Has the What Is To Be Done? plus Notes from Underground sesquicentennial readalong been a success? Most of the action in the past couple of days has been in the comments of a Scott Bailey post about tea sandwiches. I take that as a success. These are interesting books!
Scott has also put together a handy list of many of the parts of Chernyshevsky’s novel directly parodied by Dostoevsky. I’m going to look at one of them, the sidewalk bumping scenes. This is in no way original. Marshall Berman devotes twenty pages of All That Is Solid Melts into Air (1982) to these scenes. My excuse is that I read that books twenty-five years ago and do not have it at hand. If you do, skim this and read that.
In Part 3, chapter viii, one of Chernyshevsky’s robot men bumps shoulders on a St. Petersburg street with a “portly gentleman.”
The gentleman, turning slightly toward Lopukhov, said, “What sort of swine are you, you pig!” He was about to continue this edifying speech when Lopukhov turned to face him, seized the gentleman in a bear hug, and deposited him in the gutter very carefully. He stood over him and said, “Don’t move or I’ll drag you out there where the mud is deeper.” Two peasants came by, looked, and applauded. (209)
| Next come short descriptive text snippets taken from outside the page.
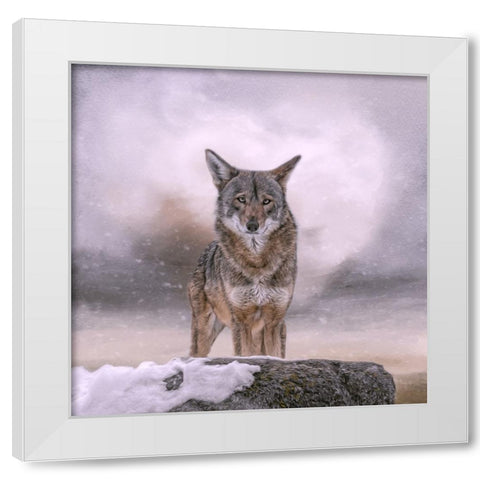Welcoming Winter White Modern Wood Framed Art Print by Parker, Kelley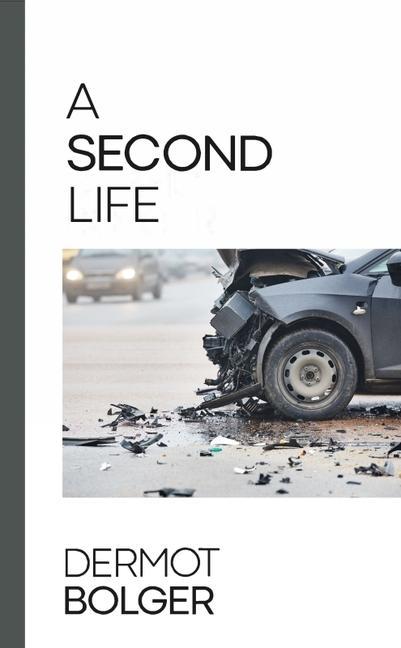 Boek Second Life Dermot Bolger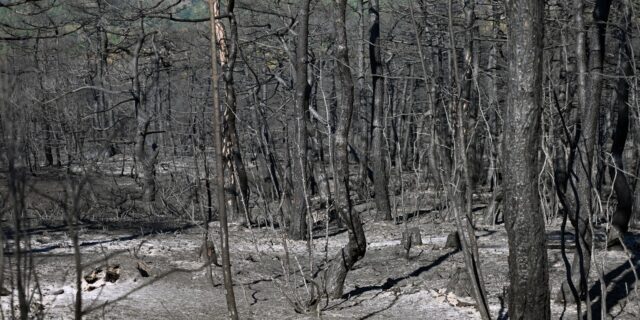 Φωτιά: Εντοπίστηκαν 18 νεκροί στο δάσος της Δαδιάς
The fat fellow is presumably the young tutor’s social superior in some obvious way. Everyone is happy to see him get his comeuppance. The revolution must be just around the corner.
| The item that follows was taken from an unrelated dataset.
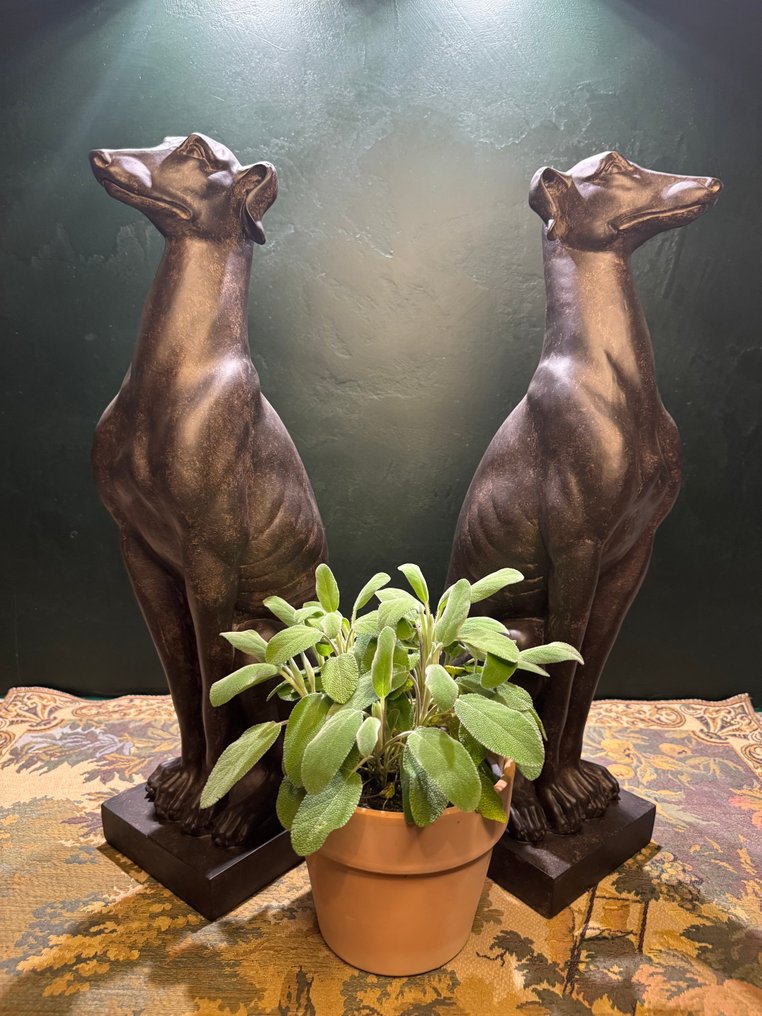 Statue, Greyhound - Set van 2 - 55 cm - Resin #3.2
Some parts of What Is To Be Done? seem to have enraged Dostoevsky, but this one must have made him laugh (those peasants). It led to one of his all time great comic scenes. It begins in a billiards parlor:
As soon as I set foot inside, some officer put me in my place.
I was standing next to the billiard table inadvertently blocking his way as he wanted to get by; he took hold of me by the shoulders and without a word of warning or explanation, moved me from where I was standing to another place, and he went past as if he hadn’t even noticed me. I could have forgiven even a beating, but I could never forgive his moving me out of the way and entirely failing to notice me. (II, 1, 34)
I can imagine Ralph Ellison reading this passage with great interest.
Unlike Chernyshevsky’s buff heroes, the Underground Man is “small and scrawny,” so he can only plot his revenge. A duel, perhaps (duel fantasy follows, the first of two in the novel). Or a satirical article in the newspaper (submitted; rejected). He encounters the officer on the Nevsky Prospect, always stepping aside for his superiors, as does the narrator, as does everyone.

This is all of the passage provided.